Just across the road in Waddington’s is a big selection of Peter Blake portraits. The first one to greet the visitor is an amusing piece of anachronistic whimsy that sets Tracy Emin looking down on a contemplative Marcel Duchamp sat alongside his pet chessboard. Representations of other art world luminaries include Peter Palumbo and a young, dashingly attractive Leslie Waddington. And then there are Blake’s other showbiz pals like Eric Clapton, the Everly Brothers, John Peel and Brian ‘Beachboy’ Wilson. Blake has a very appealing, illustrator’s style of painting although perhaps occasionally it’s a bit too flat and you get the feeling that if some of his sitters turned their heads, when they reached the perpendicular profile, they would simply disappear. Blake, the man who famously designed the Sgt Peppers LP sleeve is not just a national treasure now but our own, modern day Norman Rockwell, which I hope he’ll accept as a compliment.

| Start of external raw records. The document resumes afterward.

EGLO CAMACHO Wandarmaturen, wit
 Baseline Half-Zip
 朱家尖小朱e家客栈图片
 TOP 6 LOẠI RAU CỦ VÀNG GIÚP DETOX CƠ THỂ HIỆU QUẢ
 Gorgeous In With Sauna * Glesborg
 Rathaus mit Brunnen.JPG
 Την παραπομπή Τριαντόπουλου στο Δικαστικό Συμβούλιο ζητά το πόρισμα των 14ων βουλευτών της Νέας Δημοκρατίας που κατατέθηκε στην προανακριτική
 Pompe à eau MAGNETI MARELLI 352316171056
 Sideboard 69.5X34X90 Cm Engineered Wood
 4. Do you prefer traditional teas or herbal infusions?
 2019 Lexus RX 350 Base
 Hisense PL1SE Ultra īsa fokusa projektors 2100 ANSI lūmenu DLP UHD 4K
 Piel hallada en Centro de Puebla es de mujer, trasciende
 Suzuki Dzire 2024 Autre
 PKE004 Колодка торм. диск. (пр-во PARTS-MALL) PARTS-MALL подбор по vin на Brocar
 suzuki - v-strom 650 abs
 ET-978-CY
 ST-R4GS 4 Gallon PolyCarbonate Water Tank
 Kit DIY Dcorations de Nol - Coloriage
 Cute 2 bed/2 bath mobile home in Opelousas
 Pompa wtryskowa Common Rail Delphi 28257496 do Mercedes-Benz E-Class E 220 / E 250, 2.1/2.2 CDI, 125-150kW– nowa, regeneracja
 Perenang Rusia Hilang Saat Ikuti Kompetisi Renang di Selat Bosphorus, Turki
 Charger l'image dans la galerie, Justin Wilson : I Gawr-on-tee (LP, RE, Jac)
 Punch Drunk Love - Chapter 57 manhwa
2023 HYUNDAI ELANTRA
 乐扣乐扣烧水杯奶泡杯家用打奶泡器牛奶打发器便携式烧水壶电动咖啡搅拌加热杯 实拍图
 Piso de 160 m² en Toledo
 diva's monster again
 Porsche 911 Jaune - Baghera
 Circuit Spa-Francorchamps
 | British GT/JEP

Another dinosaur from the time when Pop Art ruled the world, and one who’s still happy to keep on working, despite the fact that his swinging ‘60s heyday was over fifty years ago, is Allen Jones. Following on from last year’s 80th birthday retrospective at the Royal Academy, he’s parading another cast of female fantasy characters at the Marlborough gallery. Metal and plastic has been carefully moulded into a series of stylised women with those in the back room so ludicrously soft pornish that one can only feel embarrassment at the thought of this old sculptor fumbling away as he dresses and undresses his mannequins. Jones’ sculptures represent the very worst kind of female objectification and while in years gone by women would get so cross they’d attack the things, nowadays presumably they just look upon their creator and pity him.